Wartsila’s third-quarter results revealed a bigger-than-expected fall in profits, which chief executive Bjorn Rosengren put down to timing of deliveries.

July-September operating profit, excluding one-off items, slid 20 per cent to €94m ($129m), below all forecasts in a Reuters poll. Net sales dropped by 18 per cent to €851m, again missing estimates.

“This development was mainly related to the timing of deliveries,” said Rosengren in a statement. “Certain marine service markets are suffering from uncertainties in the global economy.”

In the Finnish company’s power plant business third-quarter net sales fell by 24 per cent year-on-year to €243m, leaving the figure for the first nine months at €952m – almost level with last year’s total of €948m.

But Wartsila‘s power plant orders in the quarter rose by 19 per cent year-on-year to €466m as a surge in gas fired plant orders offset a plunge in oil fuelled plant orders.

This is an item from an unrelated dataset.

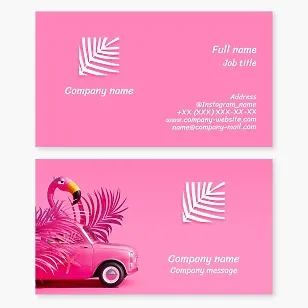 Seaside resort | Seaside vacation | Palm tree | Pink car and flamingo | Business card template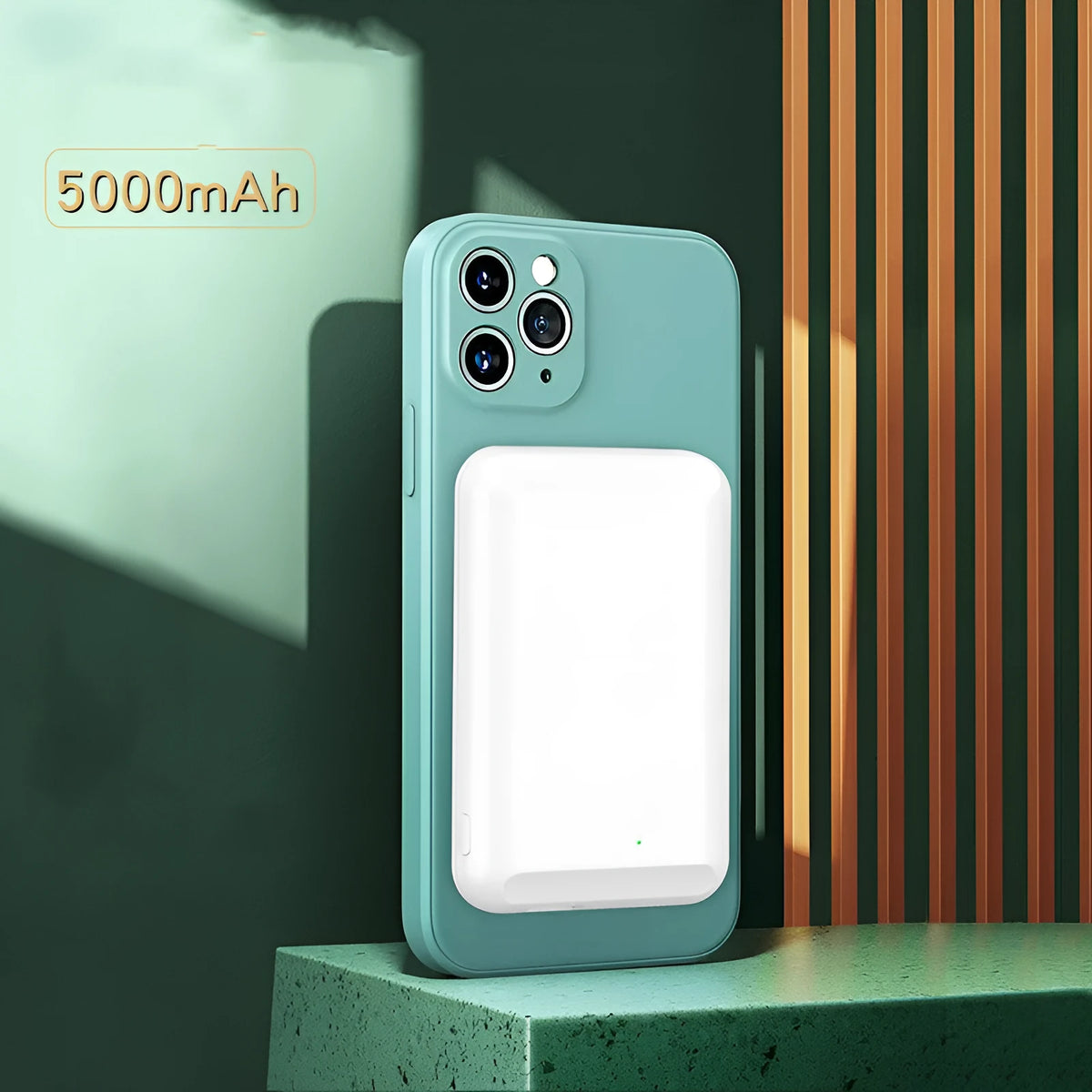 Fast magnetising wireless power bank 5000mAh in black, blue, green, pink, and white colours on a white background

Orders for natural gas fuelled power plants rose by 55 per cent in capacity to 608 MW. During the third quarter, Wartsila won a large turnkey project order from the Dominican Republic, several midsize projects from Africa, Australia and the United Arab Emirates, as well as a large gas power plant order from Turkey.

But the Finnish company’s orders for oil fuelled plants fell by 34 per cent to 311 MW.

For the first nine months, gas fired plant orders totalled €1.138bn (up 4 per cent), with oil fired plant orders totalling 926 MW (down 41 per cent) and gas fired plant orders at 1480 MW (up 93 per cent).

During the period from July 2010 to June 2011, the overall market for gas and liquid fuel based power plants grew to about 70.1 GW (up from 51.1 GW), said Wartsila. This figure includes all prime mover units of over 5 MW. Wartsila said its share represents 4.5 per cent of the market (down from 4.8 per cent).